▼

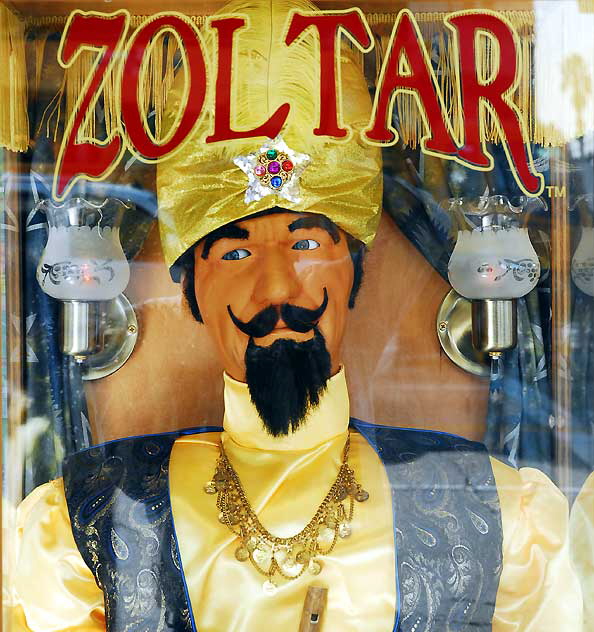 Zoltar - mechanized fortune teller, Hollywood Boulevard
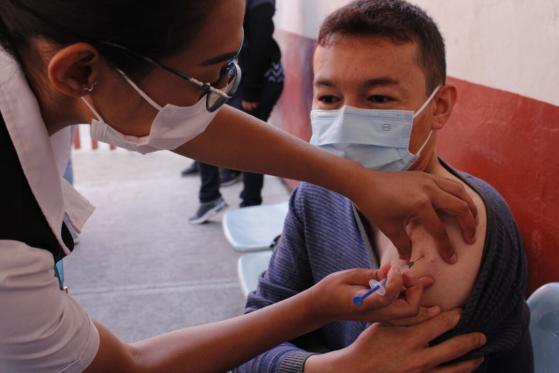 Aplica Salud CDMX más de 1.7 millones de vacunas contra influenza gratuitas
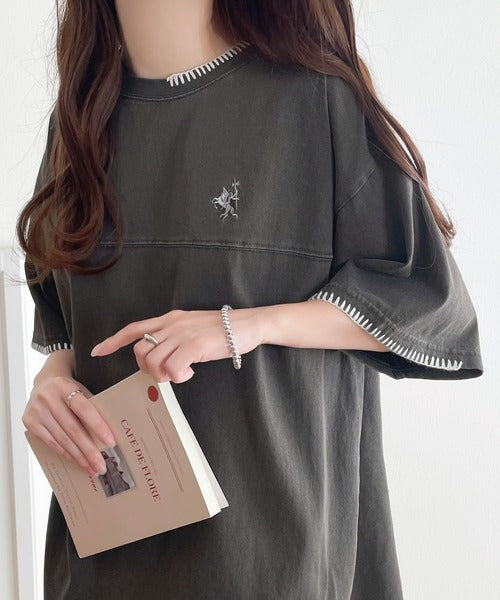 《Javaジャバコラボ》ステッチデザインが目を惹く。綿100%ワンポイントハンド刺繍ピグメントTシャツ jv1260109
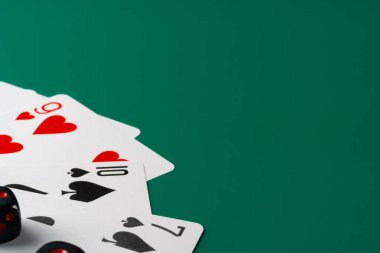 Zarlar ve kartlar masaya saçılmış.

▲

** Problem **
The task calls for duplicating the data exactly, with no images kept.

** Written reply **
 Zoltar - mechanized fortune teller, Hollywood Boulevard
 Aplica Salud CDMX más de 1.7 millones de vacunas contra influenza gratuitas
 《Javaジャバコラボ》ステッチデザインが目を惹く。綿100%ワンポイントハンド刺繍ピグメントTシャツ jv1260109
 Zarlar ve kartlar masaya saçılmış.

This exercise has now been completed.